Política

ALERTA ROJA CON LA CONECTIVIDAD RURAL EN EL PERÚ, EN TIEMPOS DE PANDEMIA

Muy grave denuncia que pone en evidencia intenciones de Evo Morales

Por: Fernando O`Phelan y el equipo de Pro Justicia

En el Perú, las condiciones de pobreza siguen afectando a la población, principalmente en zonas rurales y aisladas, donde las condiciones de salud y educación, por citar algunos sectores, son paupérrimas. Pese a los esfuerzos que se puedan desplegar desde los gobiernos de turno, la pandemia por la Covid-19 ha contribuido a que las brechas sociales sean cada vez más notorias y no permitan que las políticas públicas surtan un real efecto.

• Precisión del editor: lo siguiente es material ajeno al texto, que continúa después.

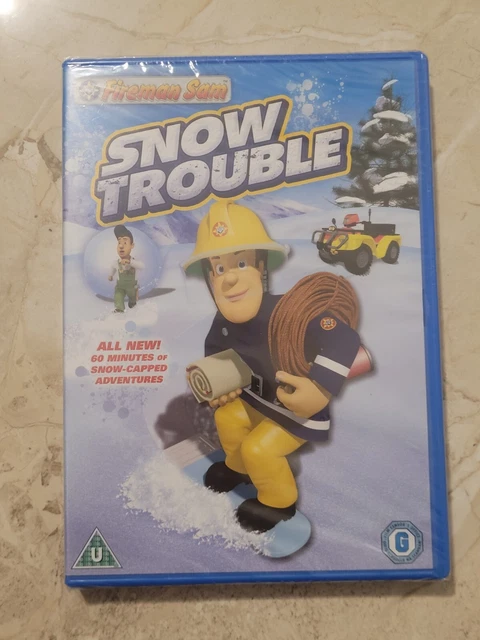 FIREMAN SAM: SNOW Trouble (DVD) **BRAND NEW & SEALED** [F6] £8.56 ...
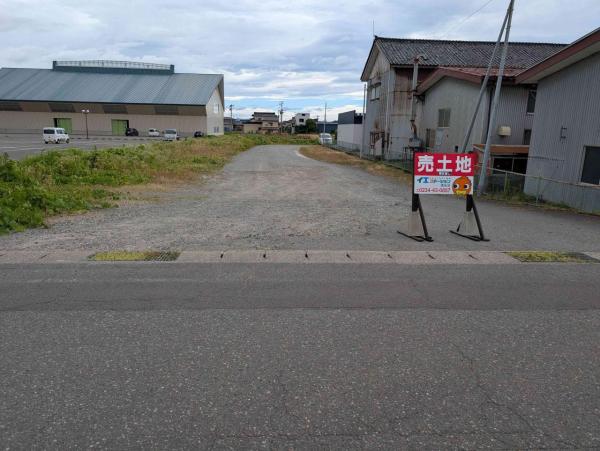 庄内町余目　売土地 現地土地写真 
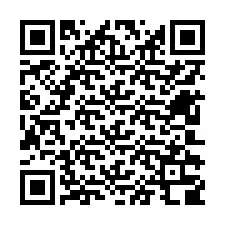 Codice QR per il numero di telefono +12602308143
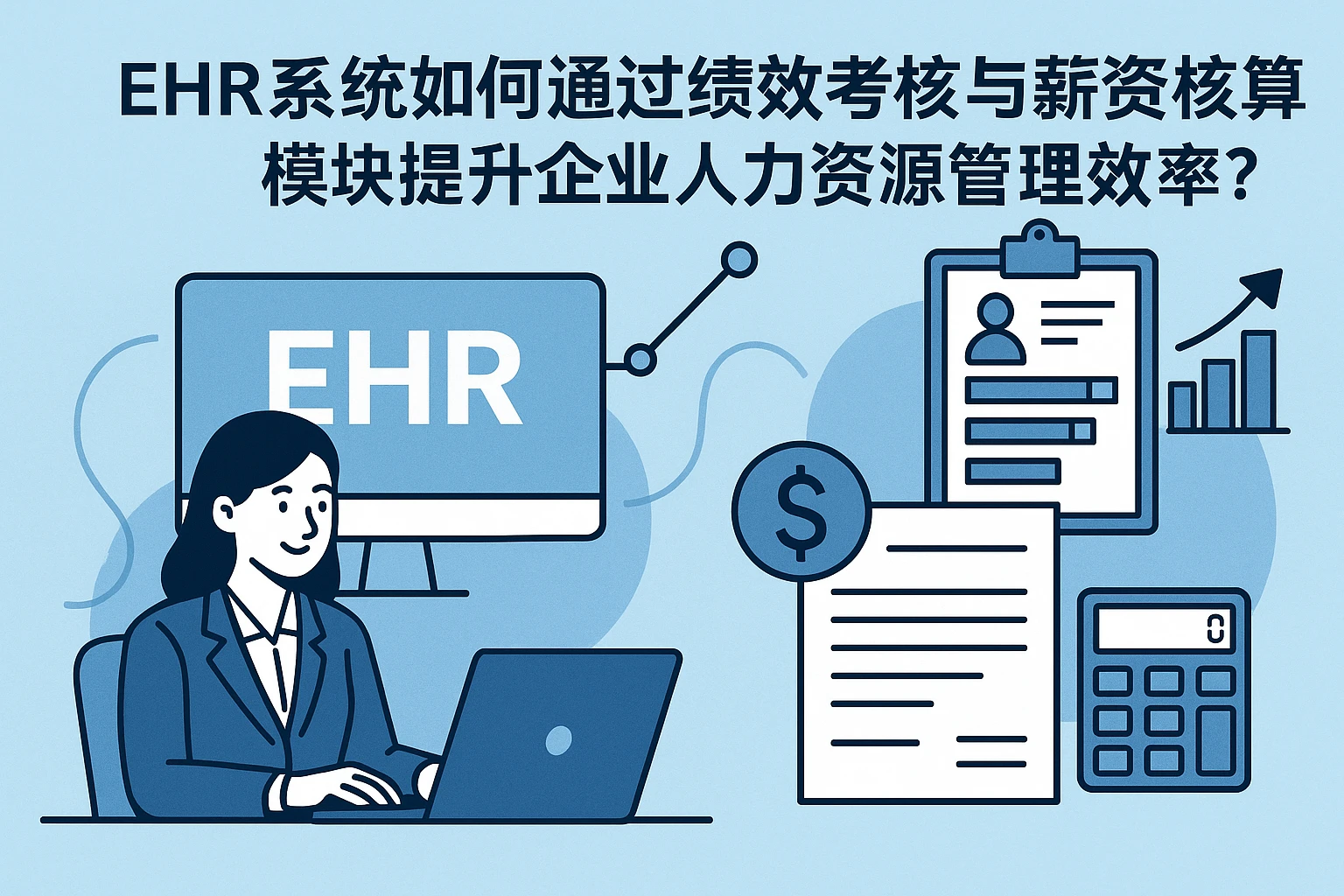 EHR系统如何通过绩效考核与薪资核算模块提升企业人力资源管理效率？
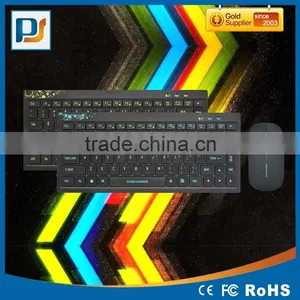 Computer 2.4G Wireless Keyboard and Mouse Kit thumbnail-3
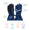 Ski Gloves Blue Cave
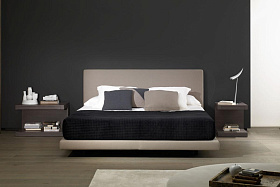 Кровать с изголовьем Verona 160*205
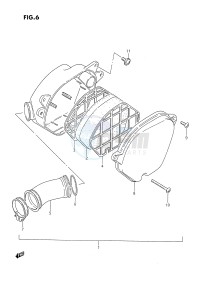 DS80 (E24) drawing AIR CLEANER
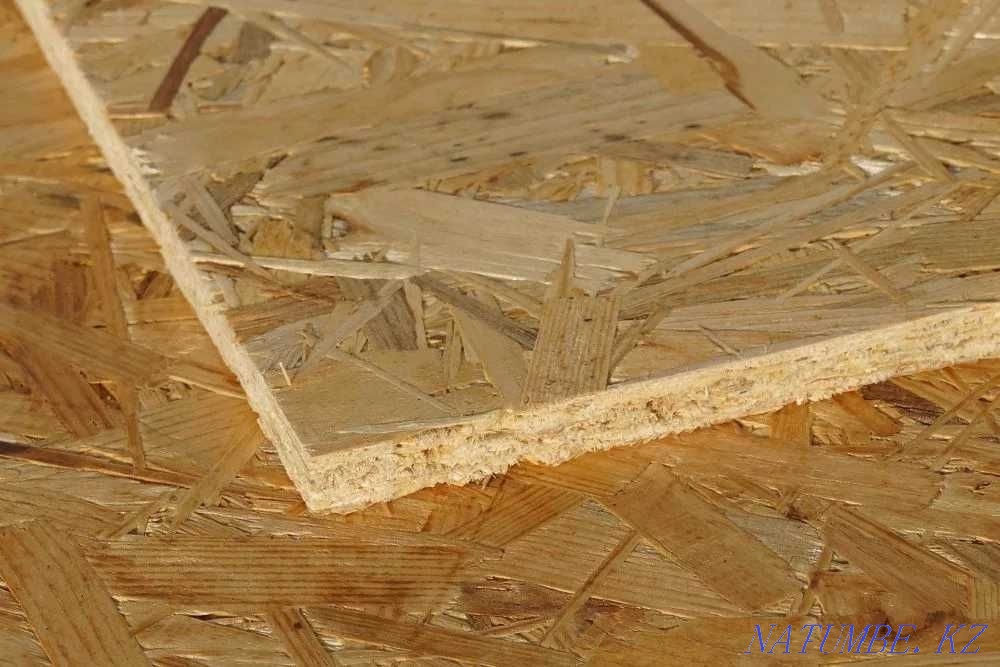 OSB, osb-3, chipboard, fiberboard Almaty - photo 4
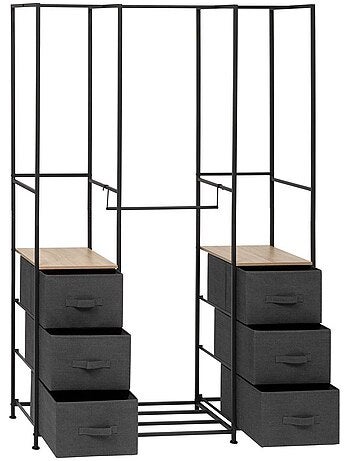 Penderie h 176 cm tissa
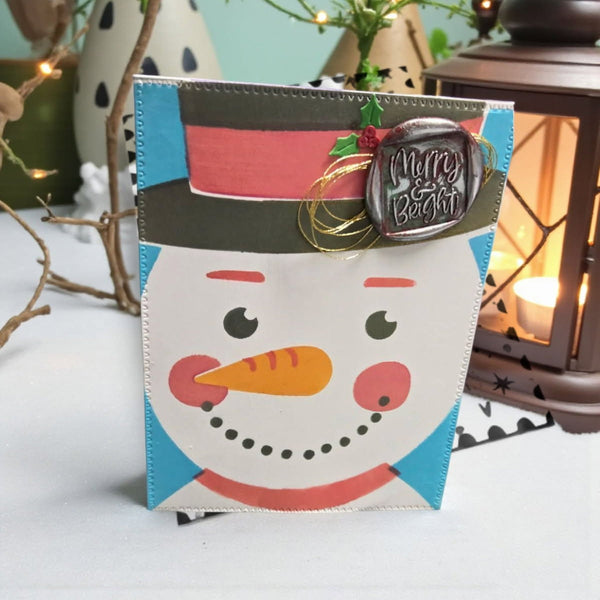 Merry & Bright- Wax Seal of the Month (Seal Stamp Only)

Y lo serán todavía más si es que en las actuales condiciones, el actual gobierno de Pedro Castillo Terrones no prioriza cuanto antes medidas urgentes para mejorar aspectos como el de la conectividad en el país, principalmente porque en un contexto de pandemia la modalidad del teletrabajo, la educación a distancia, la telemedicina, las transferencias de efectivo digitales, entre otras, han cobrado un mayor protagonismo.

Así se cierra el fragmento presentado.